Inline image 2025 07 31 14.39.29.062
<Figure 1. ERL-VLM framework>

 

The second, published in IROS 2025, is titled PLARE (Preference-based Learning from Vision-Language Model without Reward Estimation). Unlike previous approaches, PLARE skips reward modeling entirely and instead uses pairwise preference feedback from a VLM to directly train the robot control AI model.

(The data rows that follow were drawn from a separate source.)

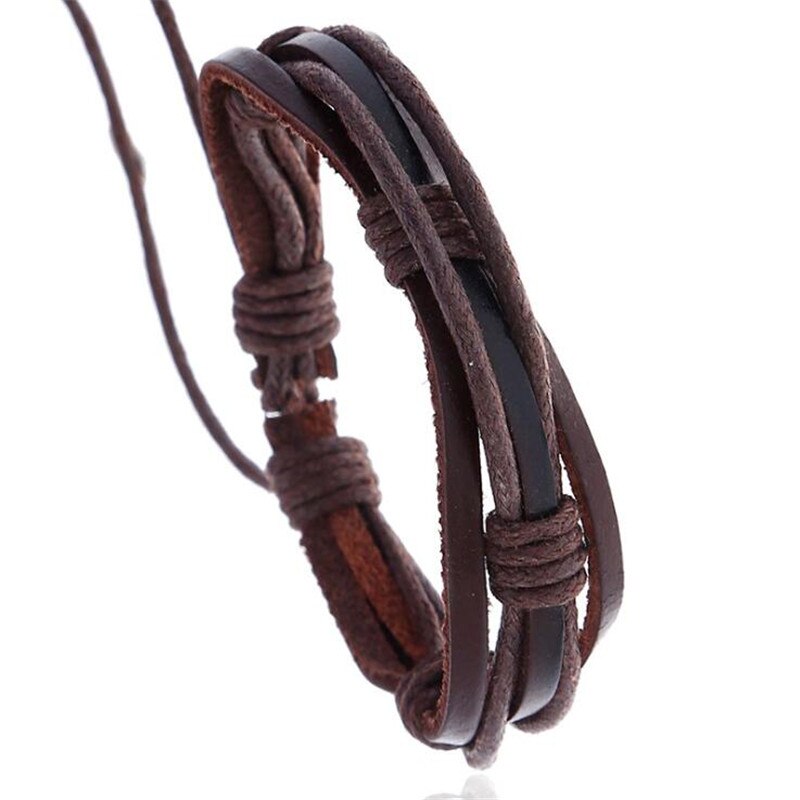 Vintage Handmade Braided Leather Bracelet for Men Vintage Adjustable Lace up Wrap Bracelets Women Jewlery: AB4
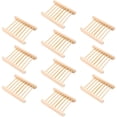 thumbnail image 4 of 10Pack Rectangular Beige Wooden Soap Tray for Bathroom Kitchen Home Use, 4 of 9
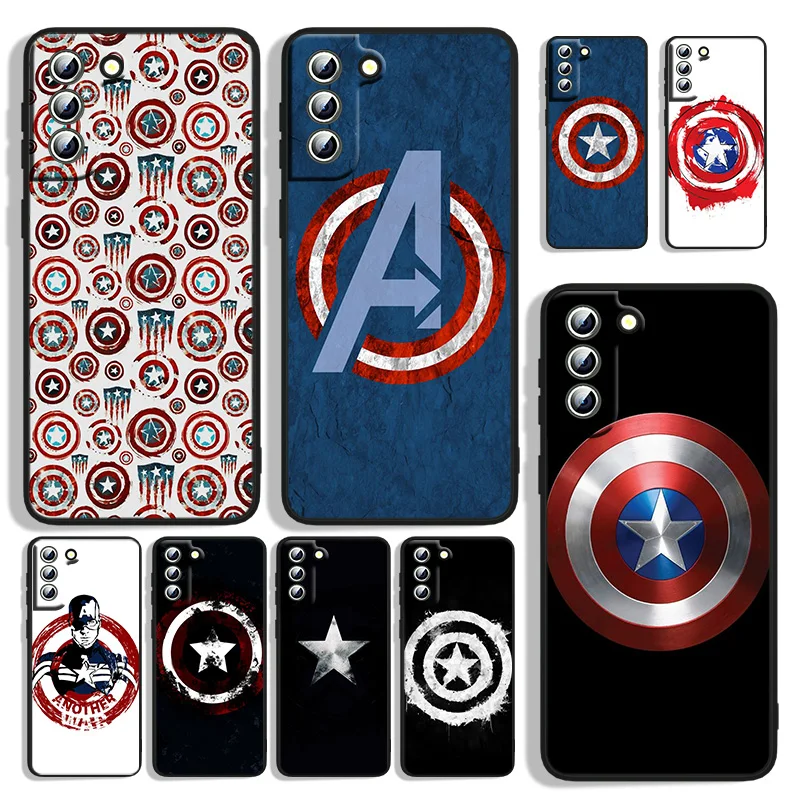 

Marvel Captain America Shield Phone Case For Samsung Galaxy S22 S21 S20 FE Ultra S10e S10 S9 S8 S7 Lite Plus Edge Black Cover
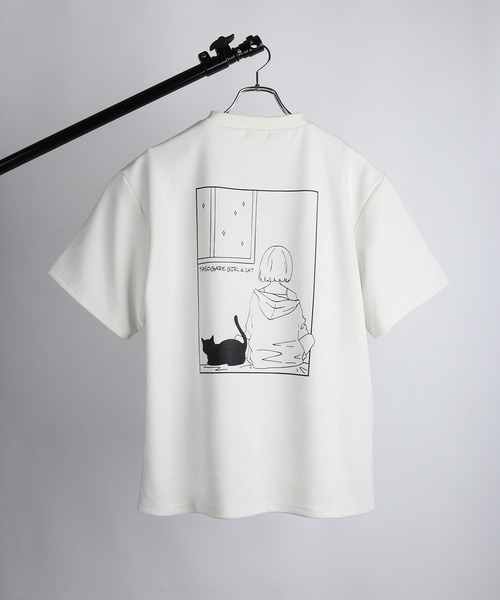 WESTSEA(ウエストシー)の「TASOGARE GIRL & CAT / 黄昏ガール バックプリント 猫 グラフィックTシャツ / ワンポイント刺繍 フェイクスエード 半袖Tシャツ(Tシャツ/カットソー・メンズ・ブラック/ホワイト系その他/ライトグレー/オフホワイト/グレー/ブラック系その他・L/M)」の21枚目の写真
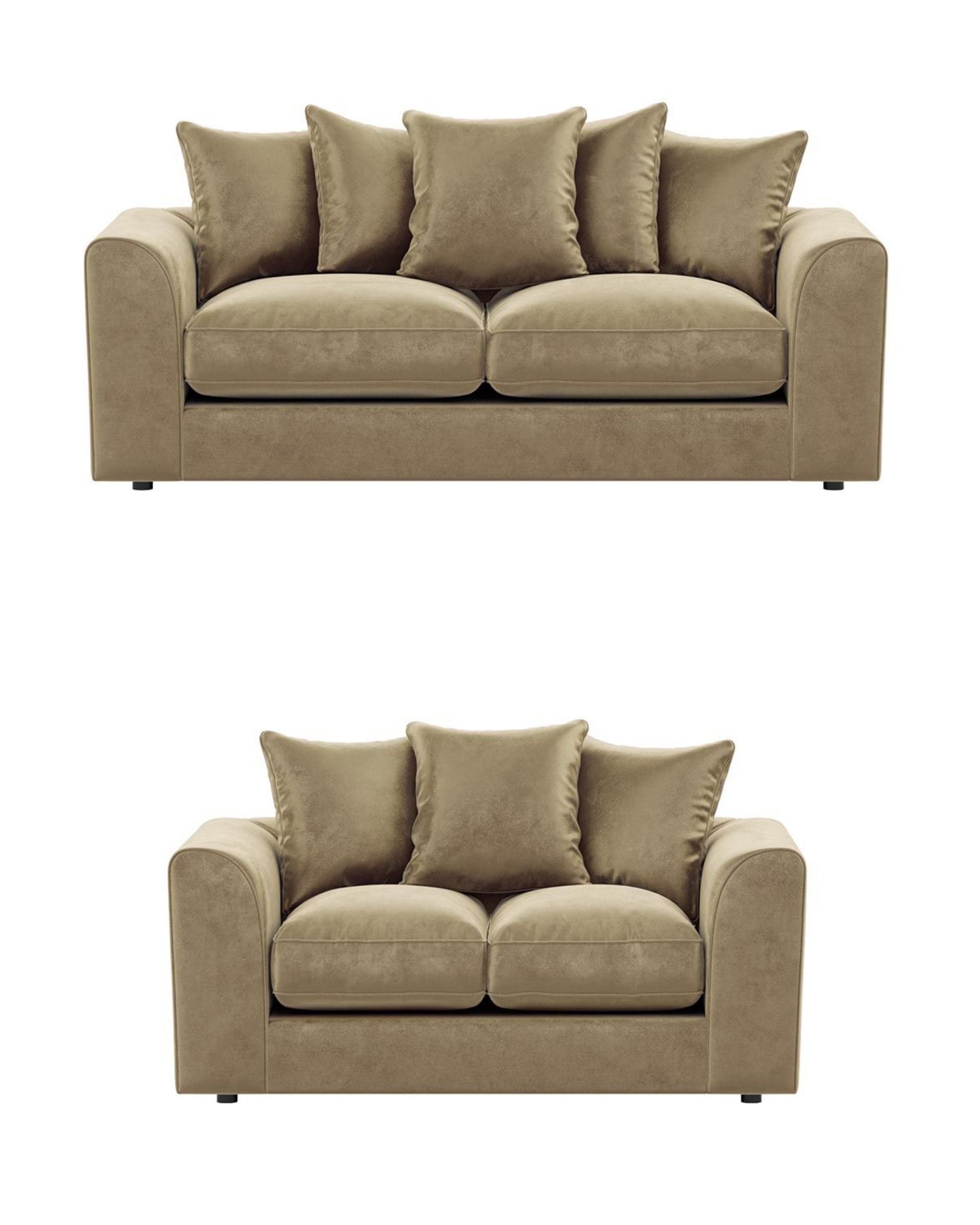 Brooklyn Plush Velvet 3 + 2 Seater Sofa Set – Fibre Filled – Beige – The Online Sofa Shop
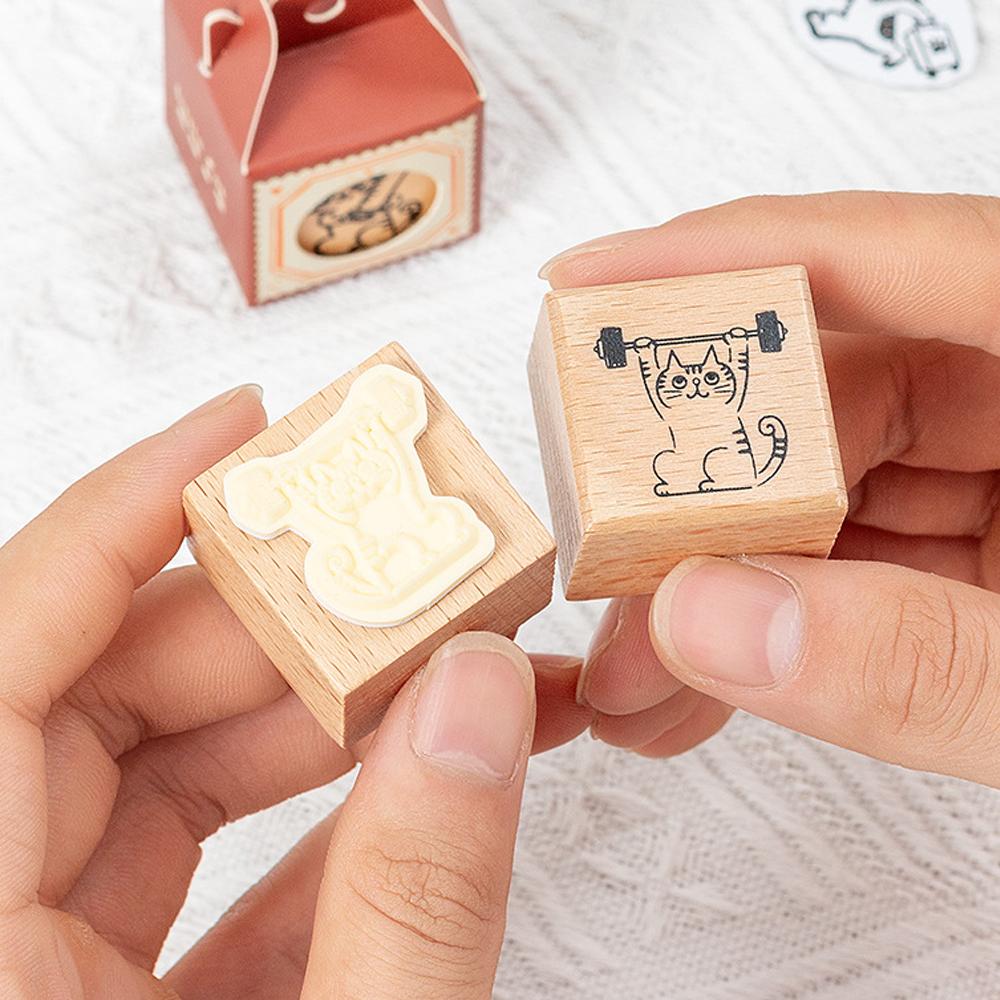 Wooden Rubber Stamps Animals Cat Patterns Stamps Set For DIY Craft Card Scrapbooking Supplies Photo Album Diary Decor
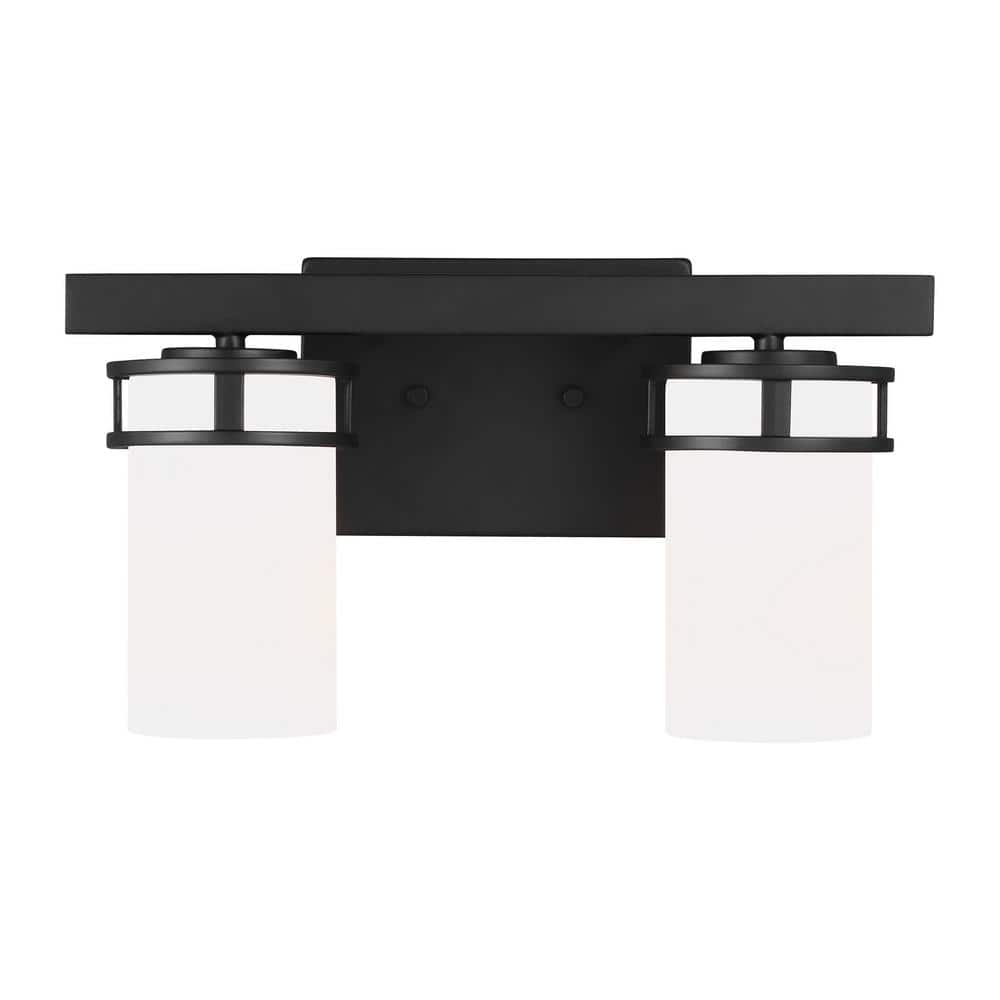 Generation Lighting Robie 14 in. 2-Light Matte Black Transitional ...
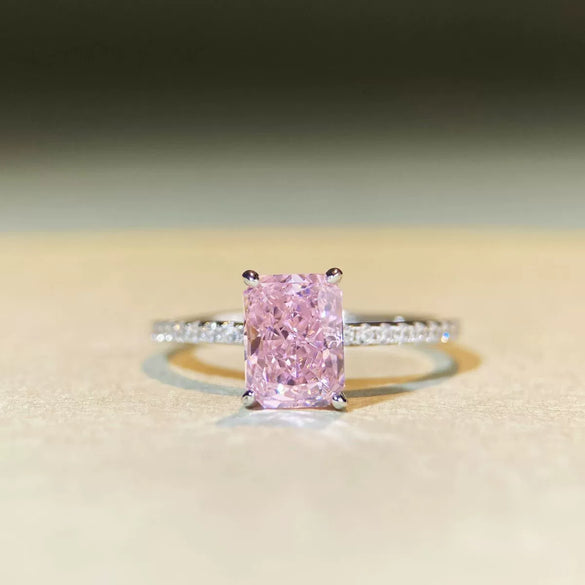 Women's S925 Sterling Silver Geometric Cut Ring With Zircon Electroplated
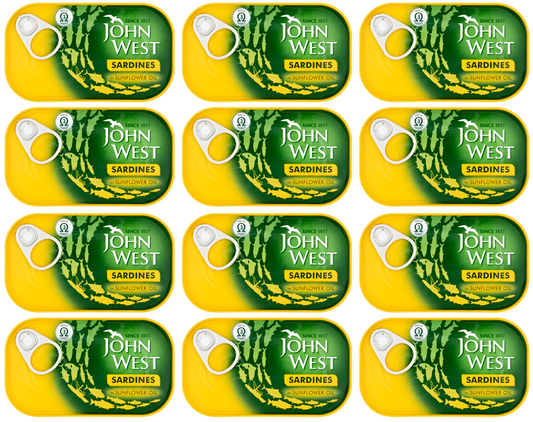 12 x John West Sardines In Sunflower Oil 120Gm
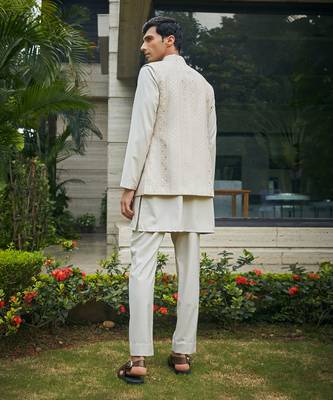 Ivory iresh chikankari nehru jacket set 3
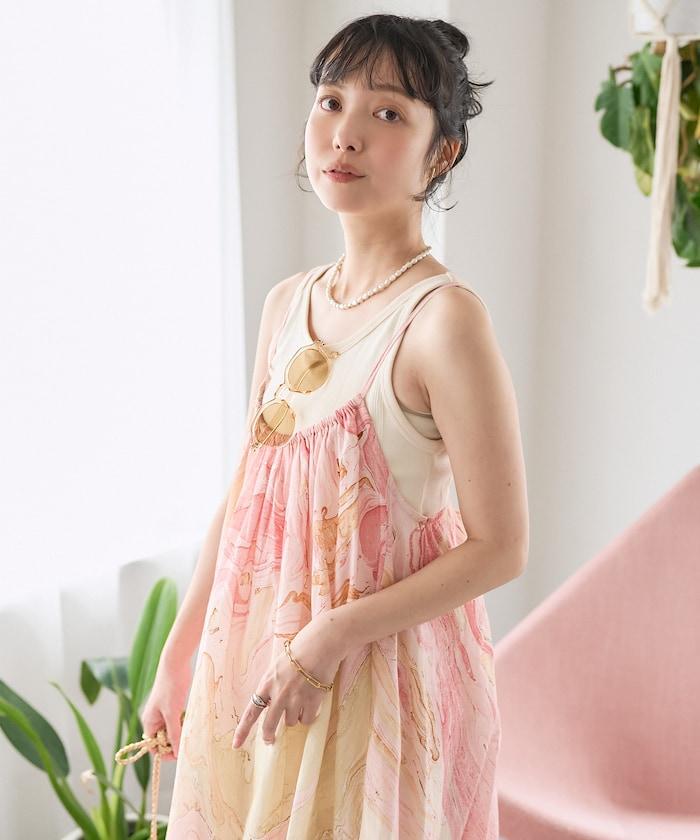 印度大理石印花吊帶連衣裙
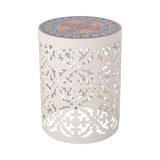 Noble House Chetola Indoor Lace Cut Side Table with Tile Top, White and Multi-Color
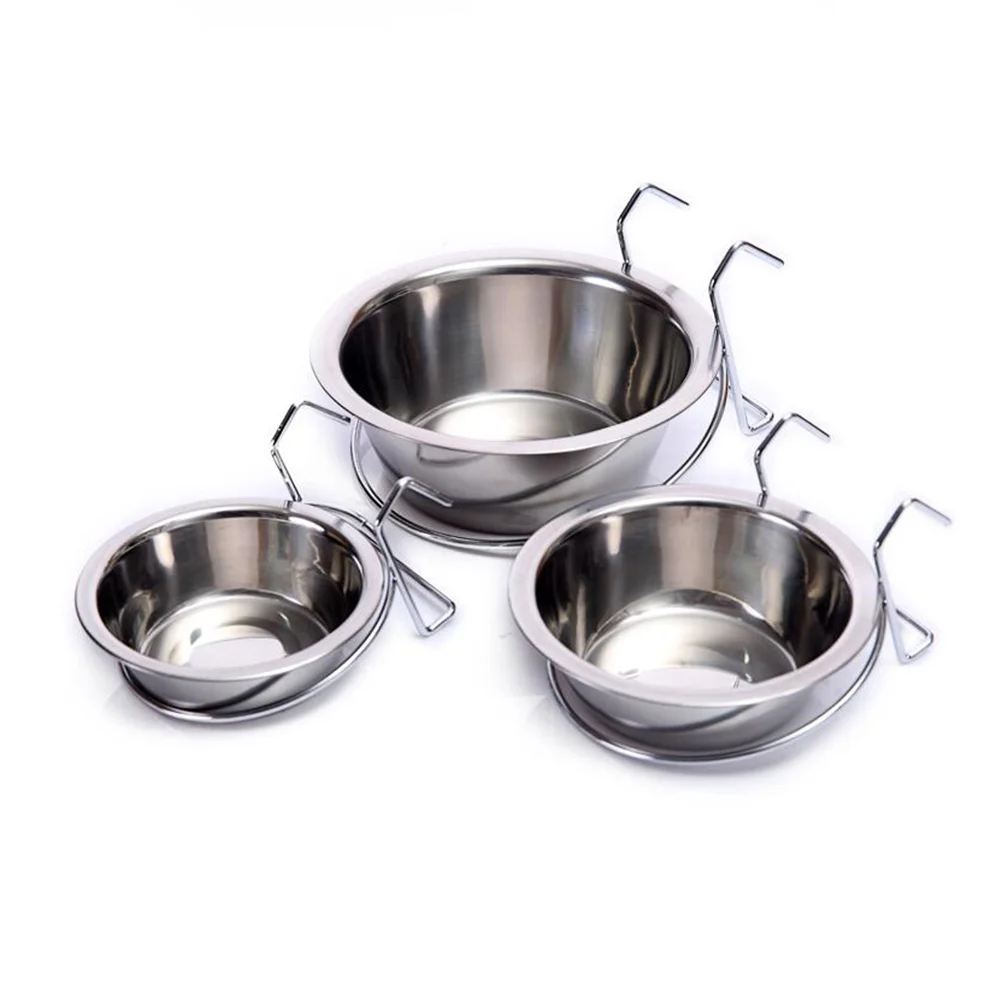 3 PCS Bird Cup Pet Food Water Bowl Dog Bowls Chicken Coop Stainless Steel Kennel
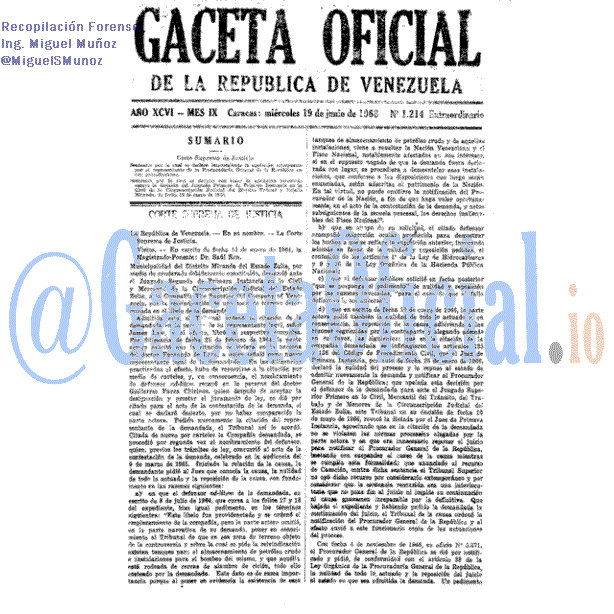 Gaceta Oficial 1214 del 19 Junio 1968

This makes the training process simpler and more computationally efficient, without compromising performance.

 

Inline image 2025 07 31 14.41.28.258
<Figure 2. PLARE framework>

 

Both frameworks demonstrated superior performance not only in simulation environments but also in real-world experiments using physical robots, achieving higher success rates and more stable behavior than existing methods—thereby verifying their practical applicability.

 

Inline image 2025 07 31 15.34.45.846
<Figure 4. (From left) PLARE experimental results (success Rate) and example of real-world robot experiment setup>

 

This research provides a more efficient and practical approach to enabling robots to understand and act upon human language instructions by leveraging large vision-language models—bringing us a step closer to the realization of Physical AI. Moving forward, Professor Changdong Yoo’s team plans to continue advancing research in robot control, vision-language-based interaction, and scalable feedback learning to further develop key technologies in Physical AI.